Im 6. Jh nC wurde der Herrscher über ↗Judäa, der ↗Ethnarch ↗Archelaus, Sohn des ↗Herodes (d. Gr.), abgesetzt und verbannt. Judäa wurde zur ↗römischen Provinz bestellt. Als erster Präfekt von Judäa wurde Coponius eingesetzt. Der Amtssitz der Präfekten von Judäa war ↗Caesarea gewesen. Der römische Ritter Pontius Pilatus war der 5. in der Reihe römischer Präfekten in Judäa und Nachfolger des Valerius Gratus in diesem Amt. Er hatte das Amt zehn Jahre lang, von 26/27 bis 36/37 (Ios. Ant. XVIII 4, 2), innegehabt.

↗Matthäus (27, 2.11) gibt ihm den Titel ἡγεμών (Hegemon = der Vorangehende, Führer, Herrscher), was ↗Hieronymus mit praeses (Vorsteher) ins Lateinische und ↗Luther mit Landpfleger ins Deutsche übersetzt. Bei den anderen ↗Evangelisten trägt Pilatus keinen Titel. ↗Philon (leg. 299) und ↗Josephus (Ios. bell. II 9,2) nennen ihn  επίτροπος (Epitropos = Verwalter; lat. procurator), ↗Tacitus nennt ihn in den ↗Annalen (XV 44) ebenso. Die Vorgänger und Nachfolger des P. Pilatus heißen bei Josephus allerdings ἔπαρχος (Eparchos = Befehlshaber; lat. praefectus). Das gäbe den auch den für P. Pilatus inschriftlich belegten Amtstitel korrekt wieder1.

Schon am Anfang seiner Dienstzeit kam Pilatus mit frommen Juden in Konflikt. Ob aus Mutwilligkeit oder mangelnder Empathie, darüber gehen die Meinungen der Fachgelehrten auseinander. Fromme Juden hatten sich Pilatus entgegengestellt, als er Prunkschilder zu Ehren des ↗Tiberius im ehemaligen Königspalast des Herodes in Jerusalem hatte aufstellen lassen. Ein anderes Mal entstand Aufruhr als er seine Truppen ins Winterlager nach ↗Jerusalem marschieren und Feldzeichen mit dem Kaiserbild mitführen ließ. Heftig provoziert fühlten sich fromme Juden auch, als Pilatus eine Wasserleitung für Jerusalem hatte bauen lassen wollen und zur Finanzierung einen Teil des Tempelschatzes verwenden wollte. Den in diesem Zusammenhang entstandenen Aufruhr hatte er blutig niederschlagen lassen.

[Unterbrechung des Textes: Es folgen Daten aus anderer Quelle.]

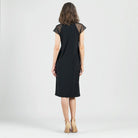 A woman viewed from behind wearing a black knee-length dress with sheer mesh cap sleeves, paired with beige high-heeled sandals, against a light gray studio background.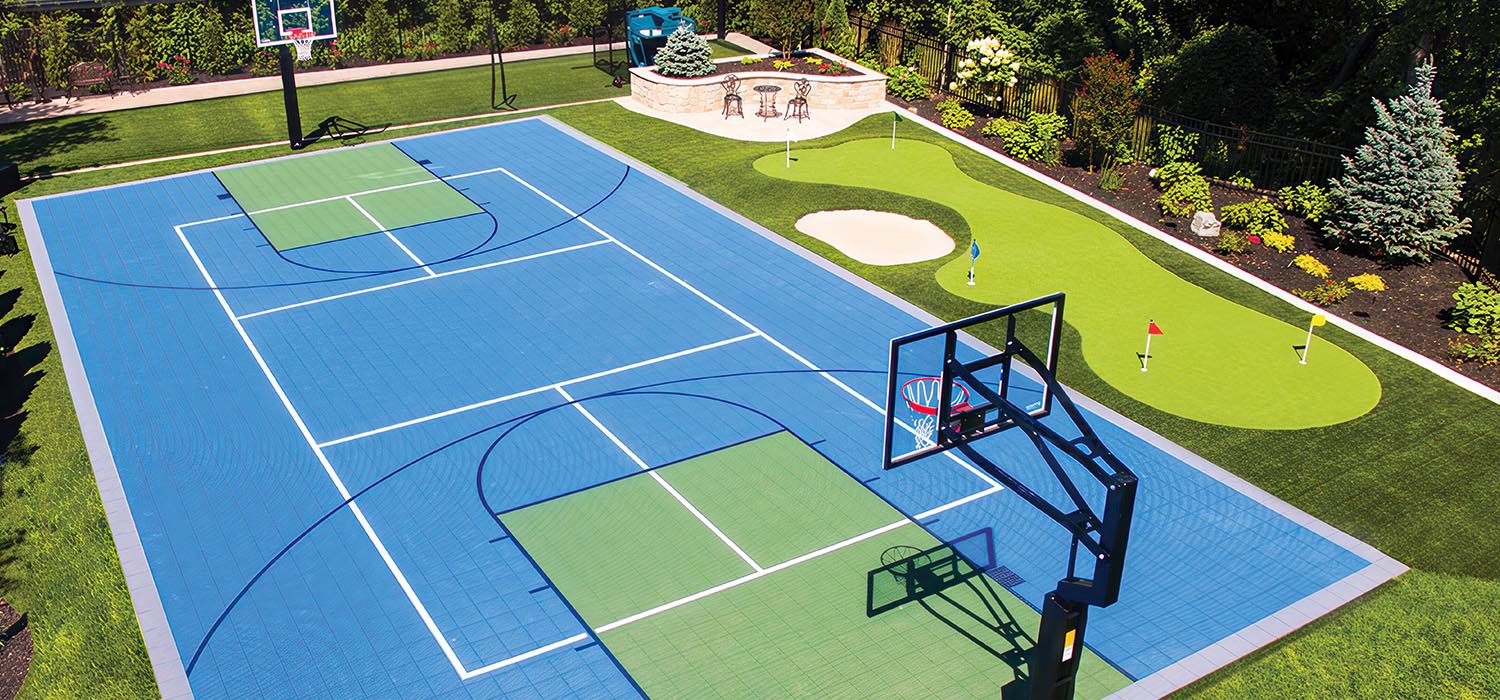 Backyard sport court and custom putting green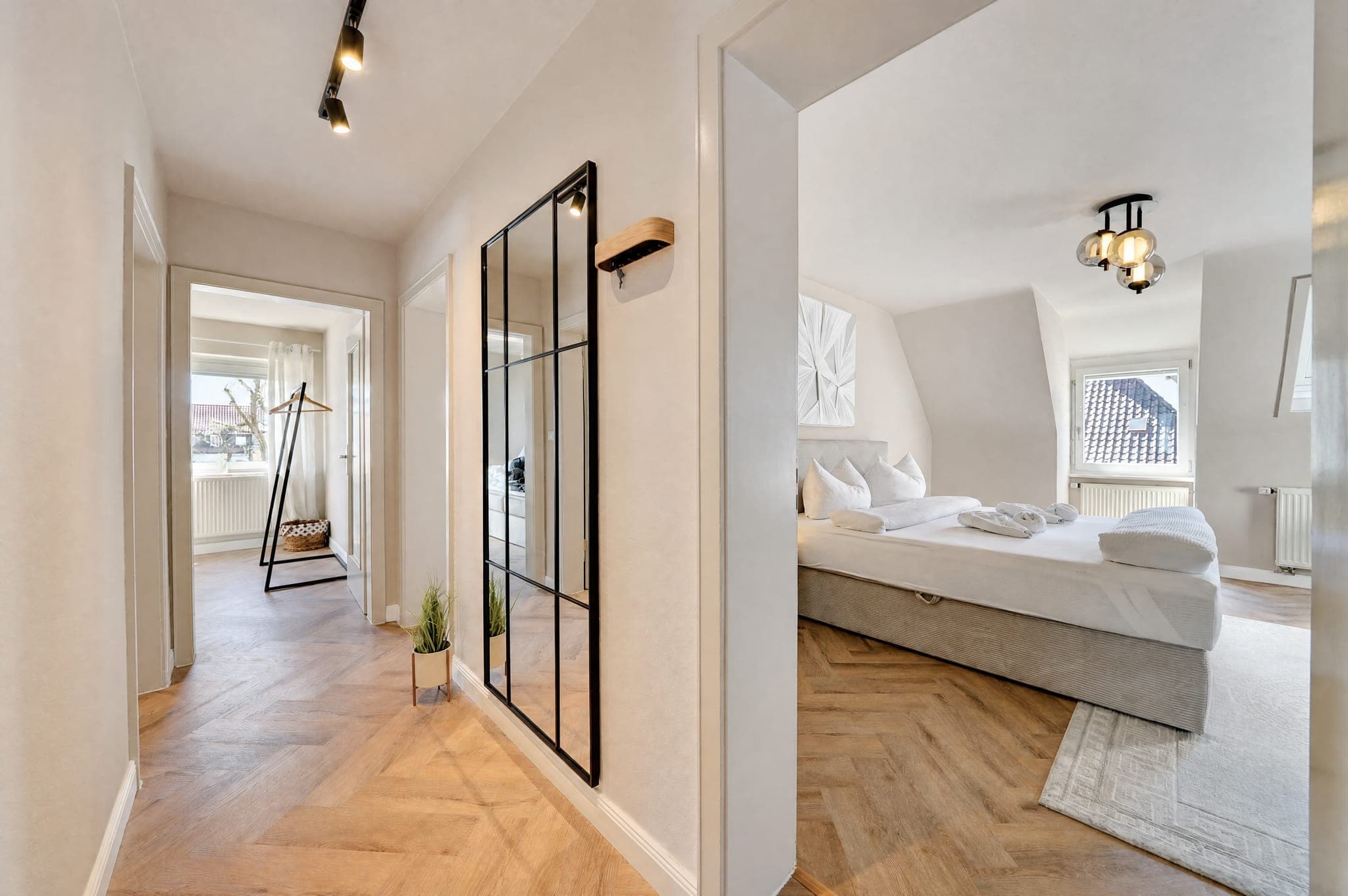 Blick durch eine schwarze Sprossentür in ein Dachgeschoss-Schlafzimmer mit Dachfenster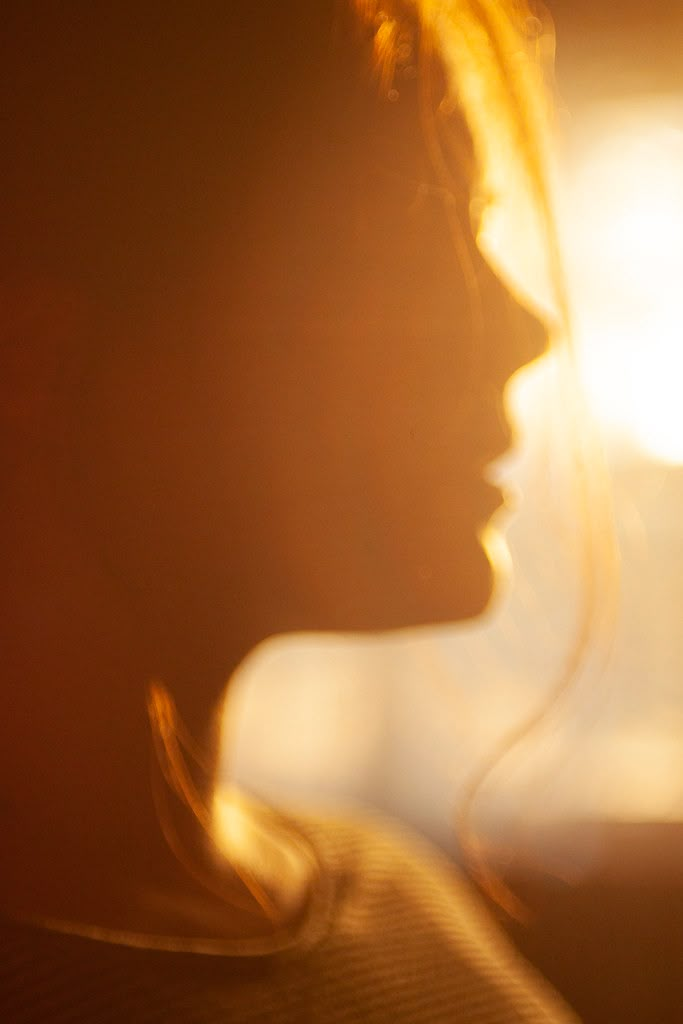 a blurry photo of a woman's face with the sun shining behind her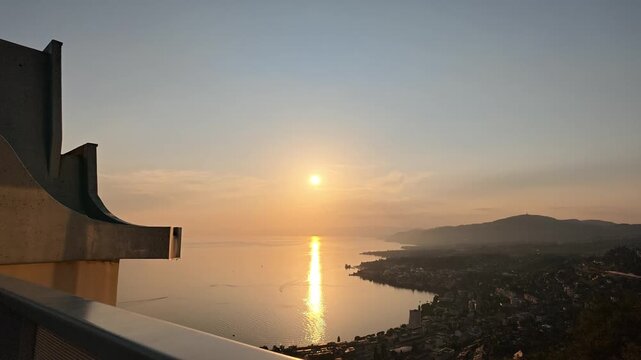 Incredible sunset view looking over the calm, sunlit, waters of Lake Geneva in Montreux, Switzerland.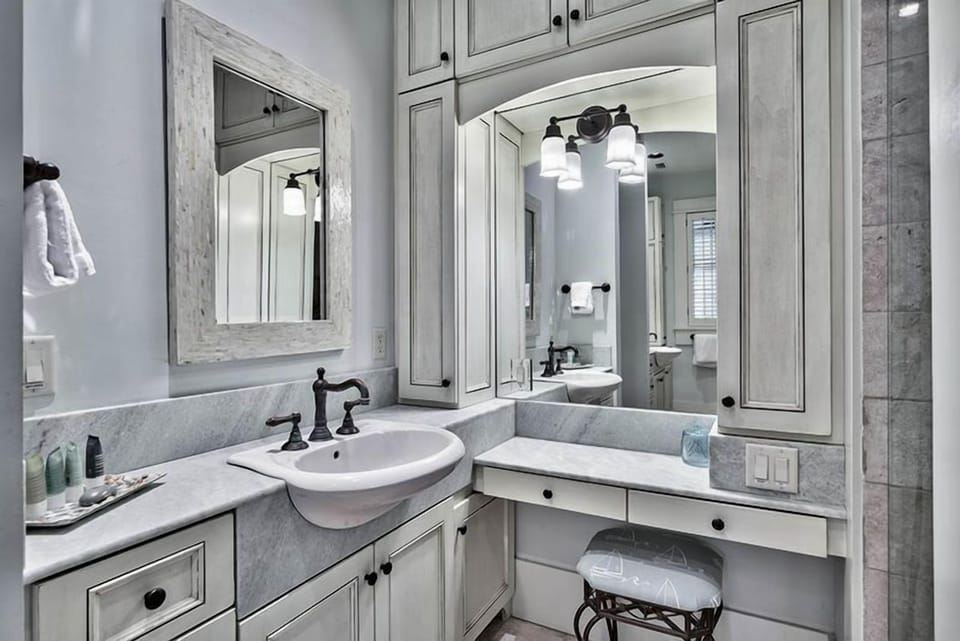 The master bath features double sinks and a vanity area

37 nC wurde P. Pilatus von seinem Vorgesetzten, dem Legaten von ↗Syrien, ↗Vitellius, abgesetzt, nachdem er ↗Samaritaner, die sich am ihnen heiligen Berg ↗Garazim bewaffnet versammelt hatten, gefangen nehmen und hinrichten hatte lassen. Er wurde nach ↗Rom  beordert. Dort musste er sich für sein Handeln verantworten.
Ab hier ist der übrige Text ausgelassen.